The company reported revenue of $409.3 million for the first three months of the year, down 51 percent from the year-ago period.
It reported net contracts worth about $128 million, down 66 percent from the same quarter a year ago.
There were 157 cancellations for the quarter and a backlog of about $1 billion.
"We ended FY 2009's first quarter with approximately $2.85 billion of liquidity from cash and availability under our bank credit facility," Joel H. Rassman, chief financial officer, said in a press release. "In addition, we have no public debt maturities until 2011. We believe this liquidity should enable us to take advantage of opportunities we expect will arise from the industry's current turmoil."

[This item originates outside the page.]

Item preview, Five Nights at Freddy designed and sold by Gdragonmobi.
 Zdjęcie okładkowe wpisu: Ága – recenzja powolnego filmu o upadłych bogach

"The past five months have been among the most difficult in U.S. economic history," CEO Robert I. Toll said in a release. "Many potential buyers are now concerned about their job security and the economy's financial stability, in addition to their ability to sell their current homes."
"If the President and Congress, in effect, take action to 'call the bottom' on home prices by approving a significant program to spur demand, home prices might stabilize," Robert Toll added. "This could also stem foreclosures, reduce inventories, and shore up existing difficult-to-value mortgage-backed securities so they can be traded."
Toll Brothers shares were lower by 6.3 percent on Tuesday.